> **WORK TASK**:
Given the records underneath, please repeat exactly the lines from the line with "Hi, my name" through the line with "Every step of", passing over any picture.

> **EXERCISE INPUT**:
☆ ☆ ☆

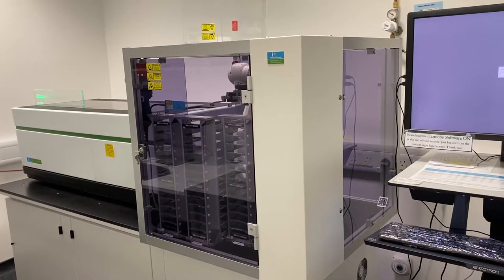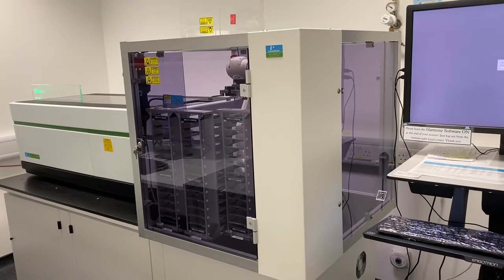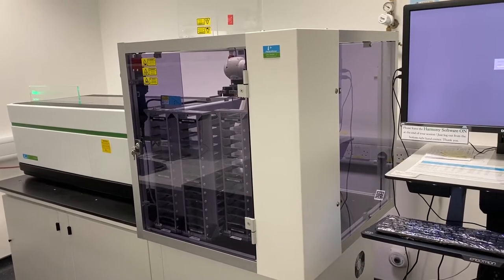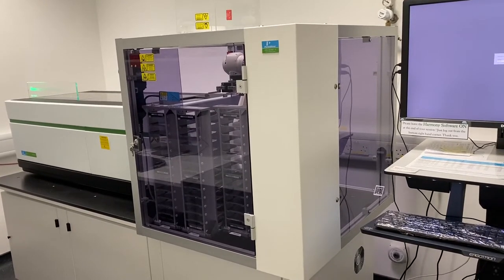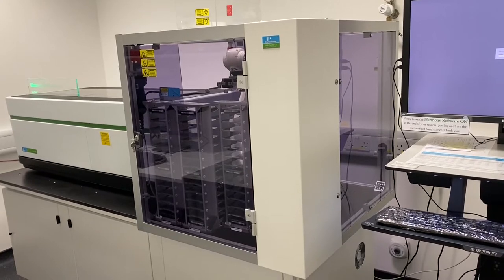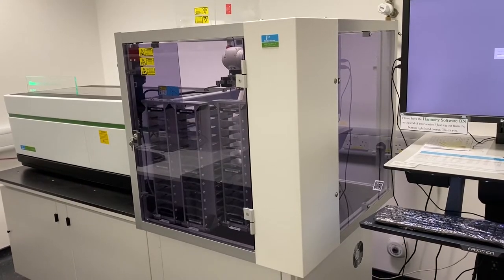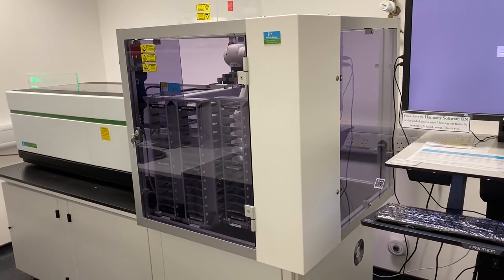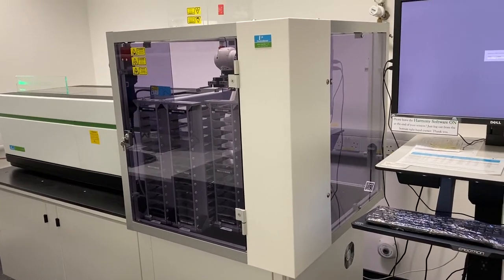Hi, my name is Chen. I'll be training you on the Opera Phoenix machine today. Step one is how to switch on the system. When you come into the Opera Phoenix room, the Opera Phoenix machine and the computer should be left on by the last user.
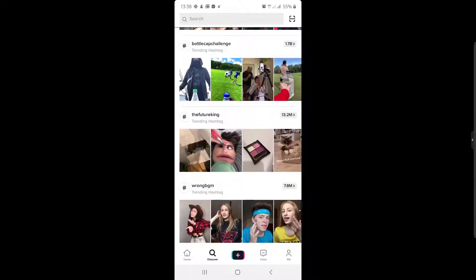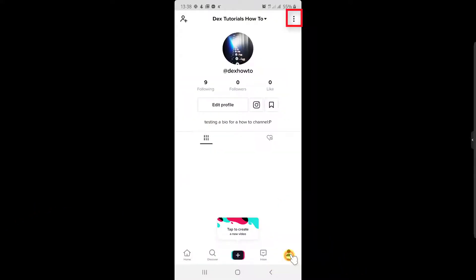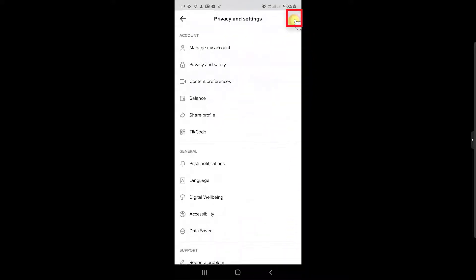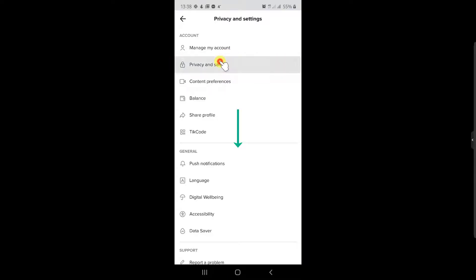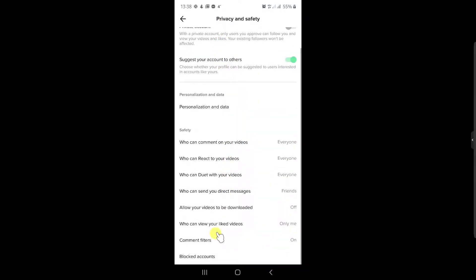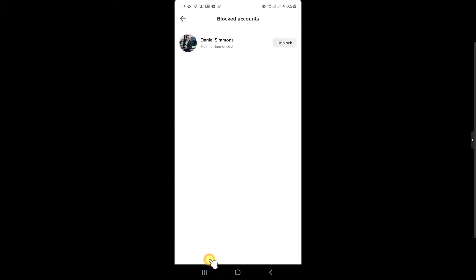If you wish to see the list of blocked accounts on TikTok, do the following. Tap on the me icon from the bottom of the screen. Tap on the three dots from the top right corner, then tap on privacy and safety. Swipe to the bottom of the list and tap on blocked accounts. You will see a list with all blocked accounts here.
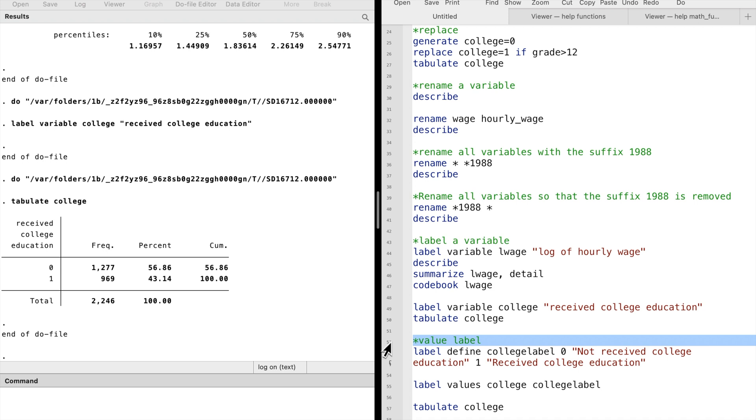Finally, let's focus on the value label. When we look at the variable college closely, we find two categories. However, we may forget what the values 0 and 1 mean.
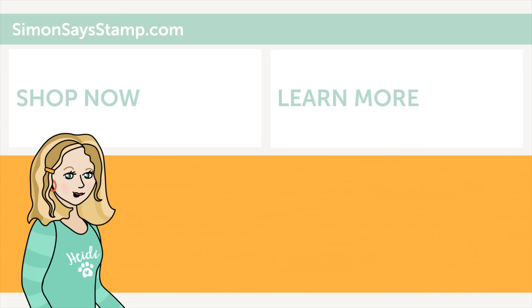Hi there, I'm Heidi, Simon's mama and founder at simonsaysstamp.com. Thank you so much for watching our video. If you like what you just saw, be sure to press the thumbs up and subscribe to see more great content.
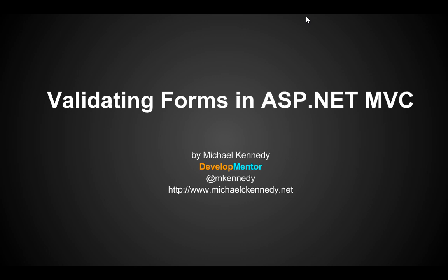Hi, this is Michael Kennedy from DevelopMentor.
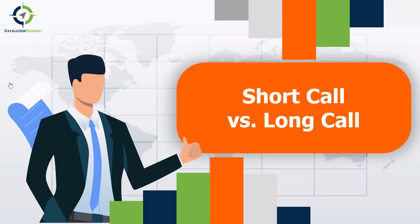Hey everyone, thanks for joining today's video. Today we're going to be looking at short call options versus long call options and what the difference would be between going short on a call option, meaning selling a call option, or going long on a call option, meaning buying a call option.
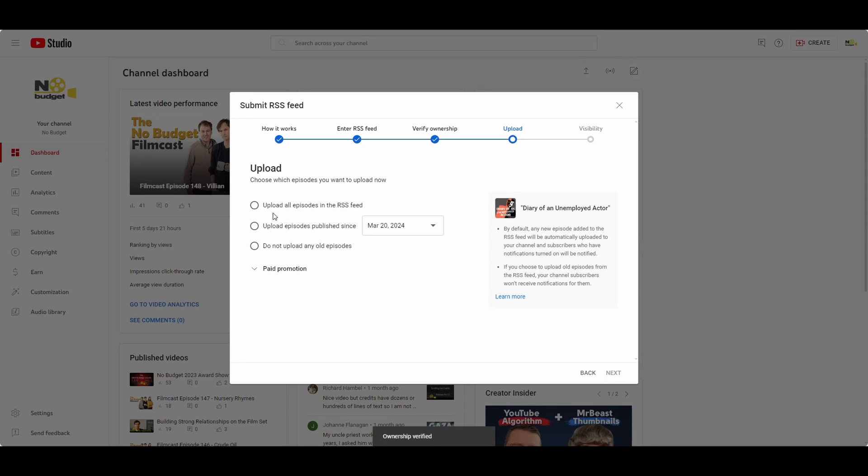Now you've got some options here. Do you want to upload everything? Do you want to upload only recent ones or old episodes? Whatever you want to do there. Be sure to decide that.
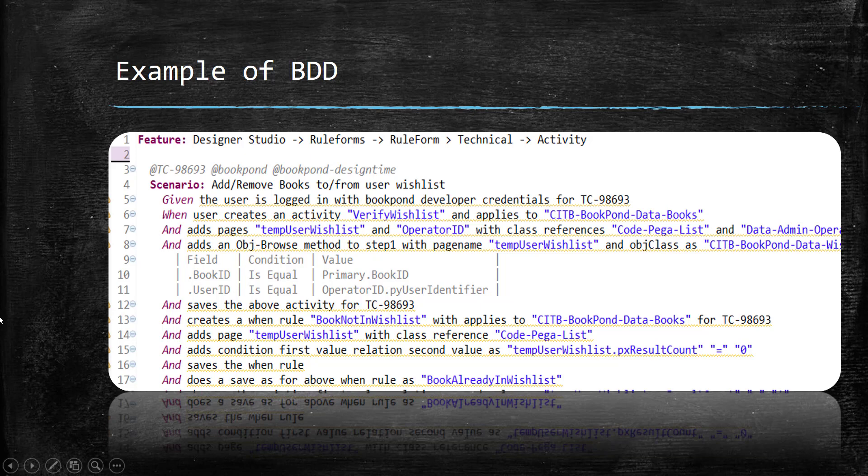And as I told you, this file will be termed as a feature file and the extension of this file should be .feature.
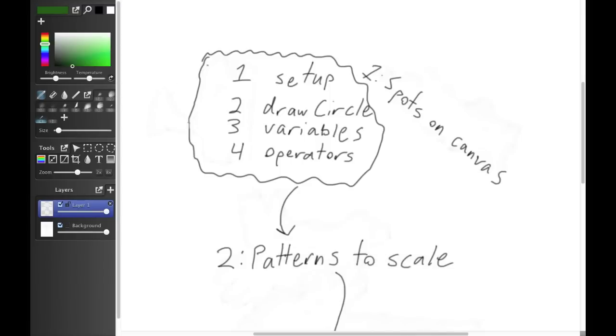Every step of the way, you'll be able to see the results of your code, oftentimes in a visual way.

☆ ☆ ☆

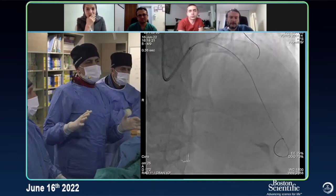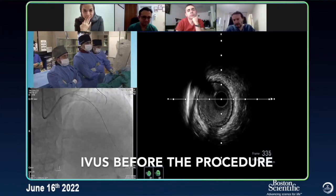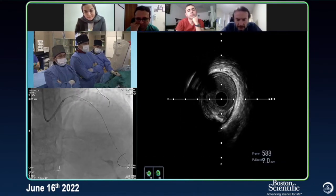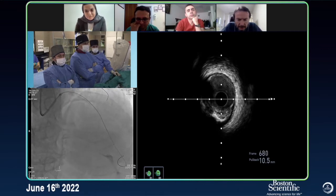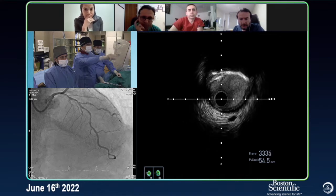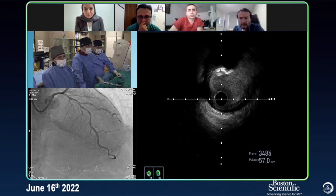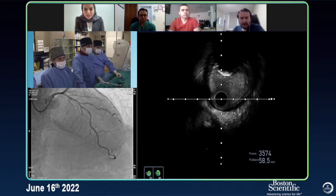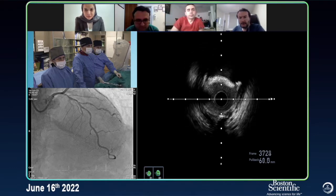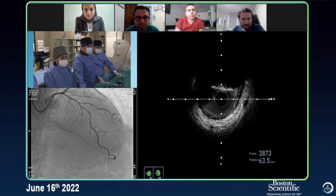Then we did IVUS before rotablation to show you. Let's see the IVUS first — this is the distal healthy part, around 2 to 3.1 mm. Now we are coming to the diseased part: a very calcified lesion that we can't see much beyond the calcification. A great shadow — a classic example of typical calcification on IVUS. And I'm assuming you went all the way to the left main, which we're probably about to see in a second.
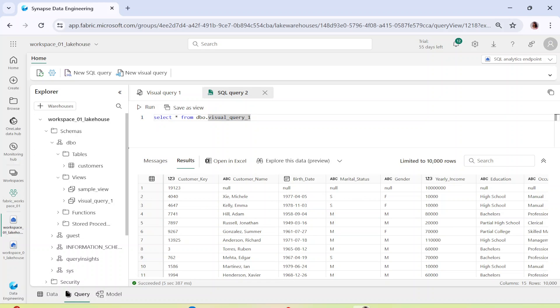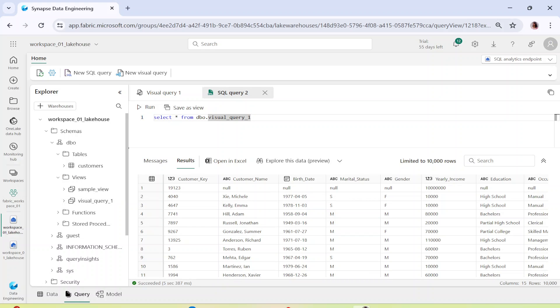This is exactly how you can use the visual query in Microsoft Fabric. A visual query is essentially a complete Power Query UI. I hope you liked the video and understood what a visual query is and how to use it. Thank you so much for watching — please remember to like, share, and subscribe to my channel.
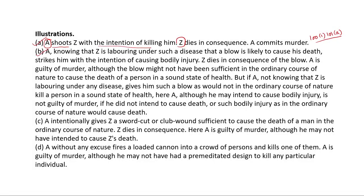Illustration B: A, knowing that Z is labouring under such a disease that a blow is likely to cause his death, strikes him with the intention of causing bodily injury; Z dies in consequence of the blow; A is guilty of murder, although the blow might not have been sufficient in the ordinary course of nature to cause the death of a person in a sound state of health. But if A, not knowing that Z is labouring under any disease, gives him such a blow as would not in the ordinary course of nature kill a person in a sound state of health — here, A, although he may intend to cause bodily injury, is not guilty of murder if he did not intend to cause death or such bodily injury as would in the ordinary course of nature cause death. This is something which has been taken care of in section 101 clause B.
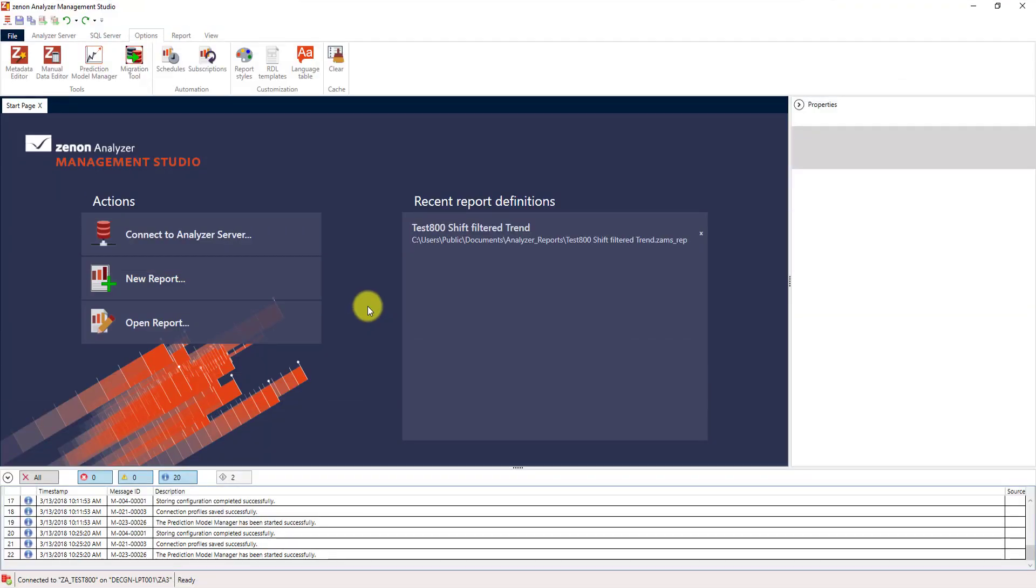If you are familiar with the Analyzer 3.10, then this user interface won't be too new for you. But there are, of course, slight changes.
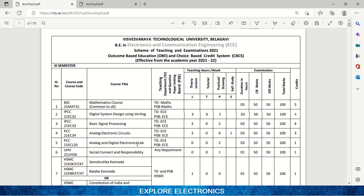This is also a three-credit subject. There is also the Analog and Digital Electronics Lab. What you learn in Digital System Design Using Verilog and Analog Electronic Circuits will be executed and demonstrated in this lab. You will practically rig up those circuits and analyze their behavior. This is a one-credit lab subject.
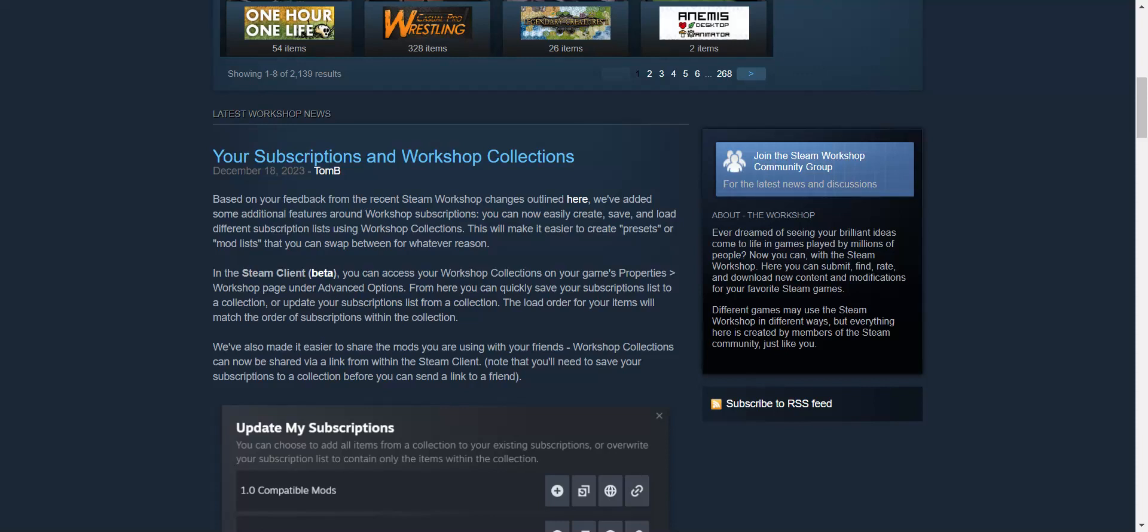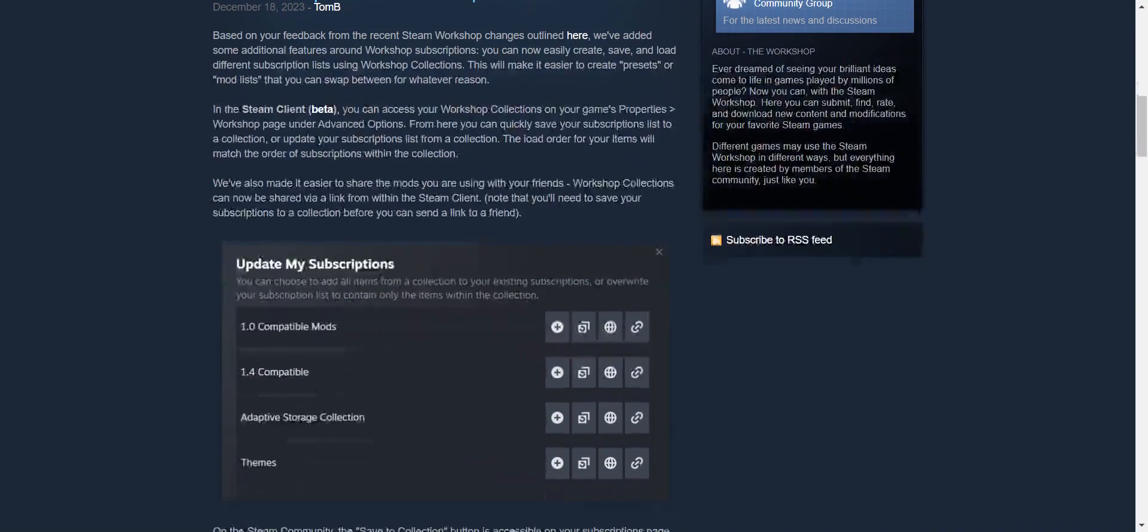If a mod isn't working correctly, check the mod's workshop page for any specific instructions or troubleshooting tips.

☆ ☆ ☆

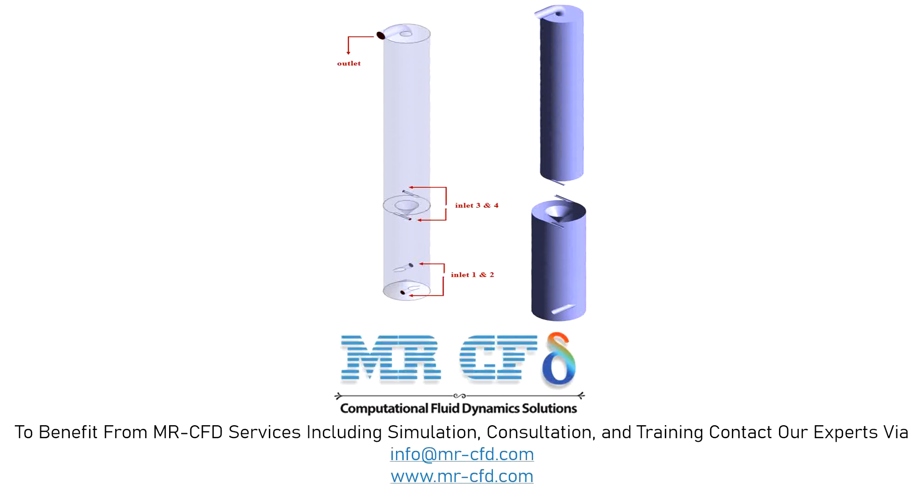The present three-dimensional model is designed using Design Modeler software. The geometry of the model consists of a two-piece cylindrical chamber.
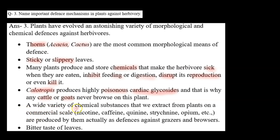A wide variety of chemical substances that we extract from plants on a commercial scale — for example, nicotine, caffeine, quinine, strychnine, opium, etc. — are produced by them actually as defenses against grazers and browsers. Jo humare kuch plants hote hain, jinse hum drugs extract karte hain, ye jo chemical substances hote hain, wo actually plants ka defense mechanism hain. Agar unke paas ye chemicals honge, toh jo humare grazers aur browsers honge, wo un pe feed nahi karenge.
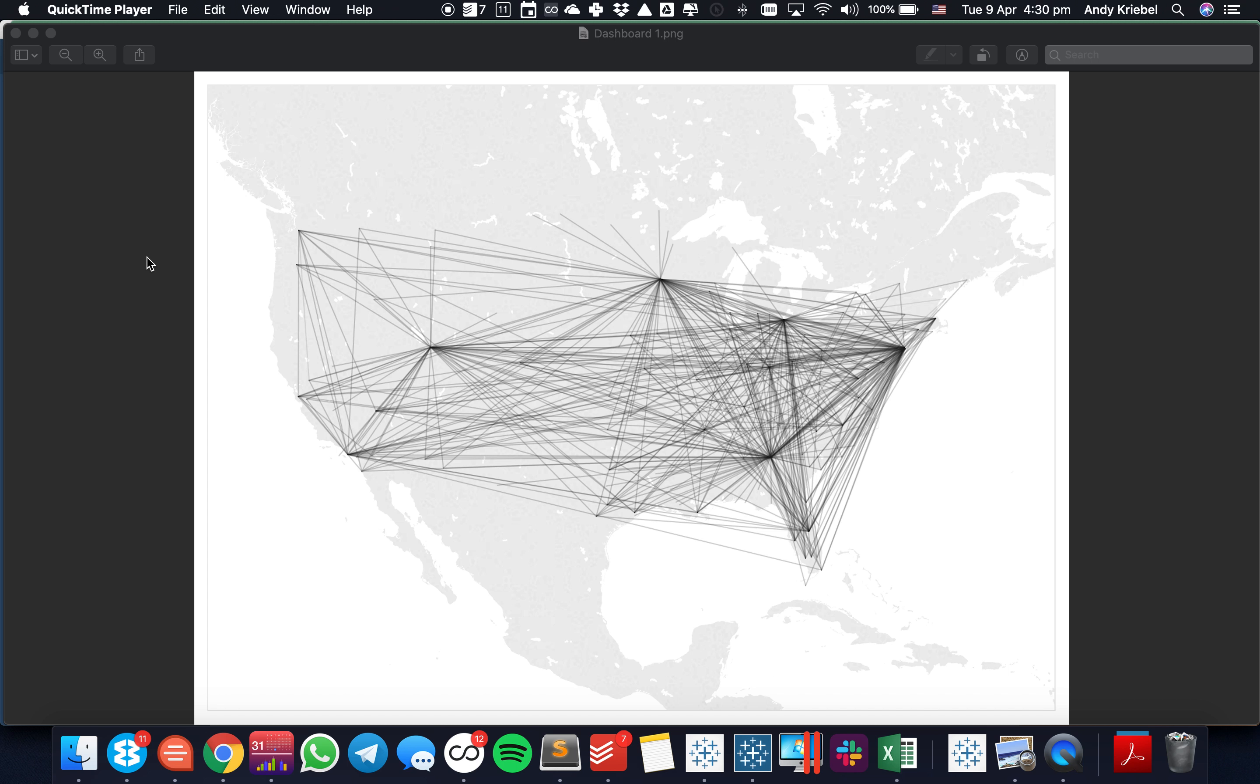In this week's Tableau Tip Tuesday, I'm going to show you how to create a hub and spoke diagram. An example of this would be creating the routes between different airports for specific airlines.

☆ ☆ ☆

> **REPLY TO THE TASK**:
Hi, my name is Chen. I'll be training you on the Opera Phoenix machine today. Step one is how to switch on the system. When you come into the Opera Phoenix room, the Opera Phoenix machine and the computer should be left on by the last user.
If you wish to see the list of blocked accounts on TikTok, do the following. Tap on the me icon from the bottom of the screen. Tap on the three dots from the top right corner, then tap on privacy and safety. Swipe to the bottom of the list and tap on blocked accounts. You will see a list with all blocked accounts here.
Finally, let's focus on the value label. When we look at the variable college closely, we find two categories. However, we may forget what the values 0 and 1 mean.
Hi there, I'm Heidi, Simon's mama and founder at simonsaysstamp.com. Thank you so much for watching our video. If you like what you just saw, be sure to press the thumbs up and subscribe to see more great content.
Hi, this is Michael Kennedy from DevelopMentor.
Hey everyone, thanks for joining today's video. Today we're going to be looking at short call options versus long call options and what the difference would be between going short on a call option, meaning selling a call option, or going long on a call option, meaning buying a call option.
Now you've got some options here. Do you want to upload everything? Do you want to upload only recent ones or old episodes? Whatever you want to do there. Be sure to decide that.
And as I told you, this file will be termed as a feature file and the extension of this file should be .feature.
Every step of the way, you'll be able to see the results of your code, oftentimes in a visual way.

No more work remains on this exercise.